According to Mike Litterst, a public affairs specialist with the National Park Service Office of Communications, the amphitheatre was a rare public project of 20th century American landscape architect Fletcher Steele.

"We all know and love the amphitheatre," said Director of Camden Harbor Park and Camden Amphitheatre Dave Jackson. "It's also a work of art and I'm really glad to see it get recognition for that quality."

Litterst described the list of national historical landmarks as "the best of the best of historic sites in the United States," and added the amphitheatre — one of Steele's "classic works" — had been selected for its variety of features combining the science and art of landscape architecture.

The Camden Public Library and Amphitheatre join a list of approximately 2,500 other sites of historical significance in the U.S.

U.S. Sens. Susan Collins, R-ME, and Angus King, I-ME, lauded the announcement in a joint statement released March 11.

"The Camden library is a treasure of the Maine coast and is a testament to the pride and determination of the residents of Camden," the statement read. "The centerpiece of the grounds of the library is the beautiful, outdoor garden amphitheatre. The Camden Amphitheatre retains its historic integrity, setting, original materials and the quality of original workmanship and design.

"It continues to serve its historic purposes, as a public entertainment space, park, and garden for visitors and residents of the town of Camden."

An eight-year journey

Jackson said the process to add the library and amphitheatre to the list of national historic landmarks began in 2005. The more he learned about the amphitheatre, Jackson said, the more historical significance he found to be associated with the site.

According to Jackson, the library and amphitheatre were previously listed as contributing resources to the High Street Historic District, but said he "thought the amphitheatre merited more recognition for that."

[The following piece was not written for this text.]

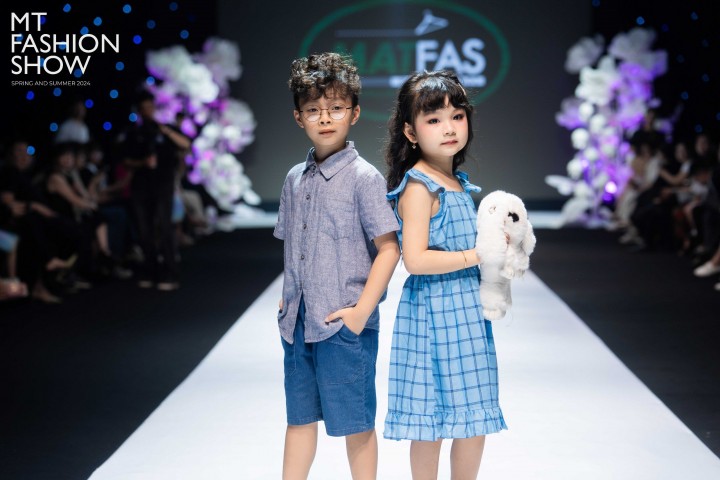 Hai mẫu nhí Quỳnh Chi và Tuấn Anh gây ấn tượng tại MT Fashion Show 2024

Jackson began an initiative to help upgrade the amphitheatre to its own listing on the national historic register.

Jackson received a grant from the Northeast Regional Park Service to conduct research and gather documentation on previously unrecognized historical sites, and used the funds to hire historic landscape specialist Lucinda Brockway of Kennebunk. Brockaway wrote the library and amphitheatre's original nomination paper, which was submitted to the Maine Preservation Commission in 2005.

Following some editing, the nomination paper traveled through several offices of the National Park Service, where landscape historians worked on the document for several years. Eventually the paper made its way to historian Linda Flint McClelland, who Jackson said conducted an "enormous amount" of research on Steele's travels in Europe and the impact on his design philosophy.

Jackson said the nomination doubled in size during the review and re-editing process, which he said was a "significant value but it took a long time."

Following a presentation to Camden Public Library Executive Director Nikki Maounis, Jackson appeared before the National Historic Landmarks selection committee in Washington, D.C. on Nov. 8, 2012. The proposal was approved and sent on to the National Parks Advisory Board, Jackson said, and then to the Secretary of the Interior.

It was then, Jackson said, Camden Public Library and Amphitheatre's potential nomination to the list of National Historic Landmarks became "dicey."

Jackson worried that if the nomination was not dealt with before Salazar's planned March 2013 retirement, it would be several more years before additional progress was made. Rep. Chellie Pingree was asked to "put in a good word" for the project, Jackson said, and a similar request was relayed to Rep. Chris Rector.

"[And] all of a sudden everything broke loose yesterday," Jackson said, adding that the protracted time frame for the nomination was a "wonderful learning experience."

“We are thrilled to be recognized in this way,” said Camden Library Director Nikki Maounis, who thanked Jackson for his efforts, in a press release. “This national designation recognizes Camden’s historical contribution to American arts and culture.

"The national landmark designation will be invaluable to the library in our ongoing efforts to maintain and preserve this beautiful space for future generations. The designation puts the library on the map, quite literally. And that’s a good thing for public libraries everywhere as well as for the Town of Camden."

"It took a lot of patience," Jackson said. "I'm so impressed with the care that goes into choosing these landmarks…so it makes it all the more valuable, worth waiting for."

About Camden Public Library and Amphitheatre

According to the library website, Harbor Park and the Amphitheatre were a gift to the library in 1931 from Mary Louise Curtis Bok Zimbalist.

Constructed in 1928, Camden Public Library sits at the highest point on Main Street. Architects Parker Morse Hooper and Charles Greely Loring chose to position the building close to the street, under the shade of existing elms and maples – a more direct relationship with its surrounding built environment rather than its larger landscape scenery, the website states.